Dr. Stamatios (Tom) Krimigis
Dr. Stamatios (Tom) Krimigis has been at APL since 1968, after earning his B. Physics from the University of Minnesota (1961), and his M.S. (1963) and Ph.D. (1965) in Physics from the University of Iowa and serving as Assistant Professor of Physics and Astronomy there. He became Supervisor of Space Physics and Instrumentation in the Space Department, Chief Scientist in 1980, Department Head in 1991, and Emeritus Head in 2004. He is Principal Investigator on several NASA spacecraft, including Voyagers 1 and 2 to the Outer Planets and the Voyager Interstellar Mission, and the Cassini mission to Saturn and Titan. He has designed and built instruments that have flown to seven of the nine planets, and hopes to complete the set with his participation in the MESSENGER mission to Mercury and New Horizons mission to Pluto. He has published more than 370 papers in journals and books on the physics of the sun, interplanetary medium, planetary magnetospheres, and the heliosphere. He is recipient of NASA's Exceptional Scientific Achievement Medal twice, is a Fellow of the American Physical Society, American Geophysical Union, and American Association for the Advancement of Science, recipient of COSPAR's Space Science Award in 2002, a recipient of the Basic Sciences Award of the International Academy of Astronautics where he serves on the Board of Trustees, and was elected recently to the newly established chair of "Science of Space" of the Academy of Athens.
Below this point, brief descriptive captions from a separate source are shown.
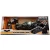 Jada Toys - A sötét lovag Batmobile fém játékautó 19cm Batman figurával (253215005)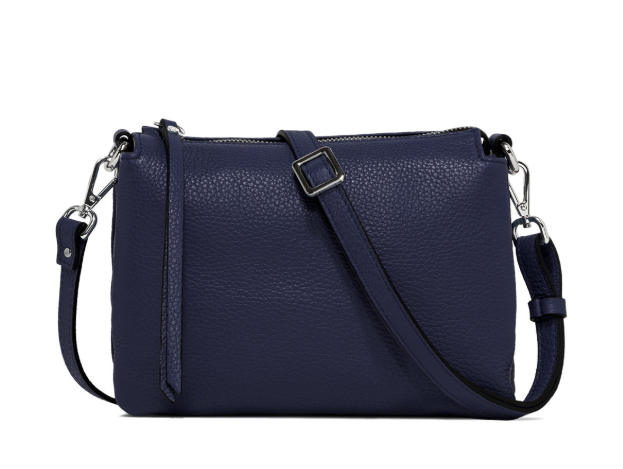 Gianni Chiarini Borsa a Tracolla Blu Notte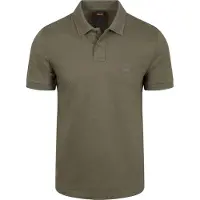 BOSS Shirt 'Passenger' olijfgroen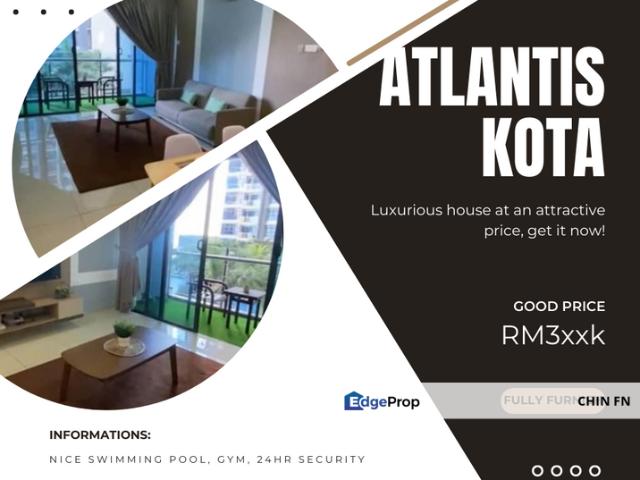 Condominium for sale in Malaka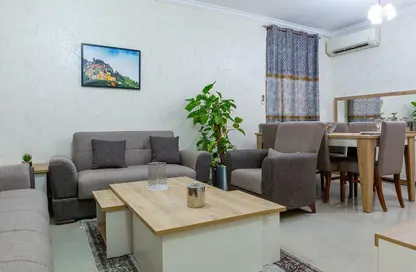 Apartment - 1 Bedroom - 1 Bathroom for rent in Ezdan Village 4 - Ezdan Village - Al Wakra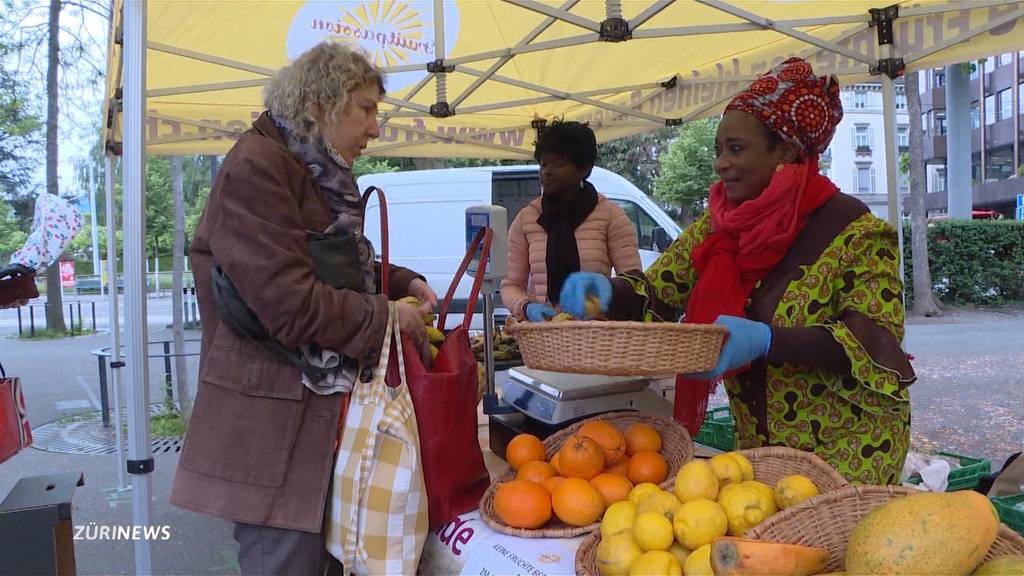Bauern freuen sich über Wiedereröffnung der Märkte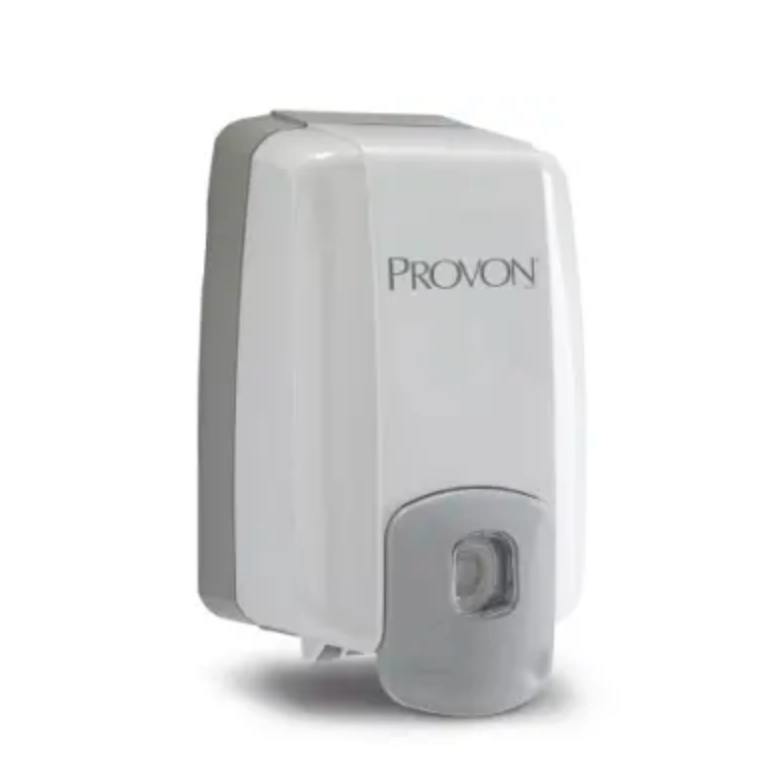 Gojo Provon NXT Manual Dispenser Lotion / Shower Soap 2000ml Refills 8 / CS. Legacy PROVON 2000 mL dispenser photograph. Pack quantity is as listed.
Cassini at Saturn: Wonders of the Giant Planet Revisited
The first encounter of Saturn by a spacecraft occurred in 1979, when Pioneer-11 was retargeted as an afterthought from a flyby of Jupiter in 1974. Pioneer discovered the magnetosphere of the planet, but was not equipped to image Saturn and its moons in any detail. The encounters by Voyager-1 in 1980 and Voyager-2 in 1981 revealed a truly majestic planet with spectacular rings and the biggest satellite in the solar system, Titan, shrouded by a thick atmosphere some 50% thicker than that of Earth's, making it impossible to image the moon's surface. The magnetosphere was found to be quite variable and contain hot plasma at temperatures of hundreds of millions of degrees, as determined from the APL instrument on those spacecraft. Cassini, launched in October 1997, arrived at Saturn on July 1 this year carrying a comprehensive payload of instruments including the APL-built Magnetospheric Imaging Instrument (MIMI), and a Synthetic Aperture Radar (SAR) designed to peer through Titan's smog and image the surface. The data so far have been exceptional. Some findings include waves in the rings, new moons, many water products floating way past the rings, several mysterious features on Titan's surface and atmosphere, and a magnetosphere that is co-rotating with the planet. This is only the beginning of a four-year tour that will involve some forty-four close encounters (down to ~900 km altitude) with Titan, and the release of the ESA-built Huygens probe that will float through Titan's atmosphere on January 14, 2005 to a hoped-for soft landing on that moon's surface, whether solid or liquid.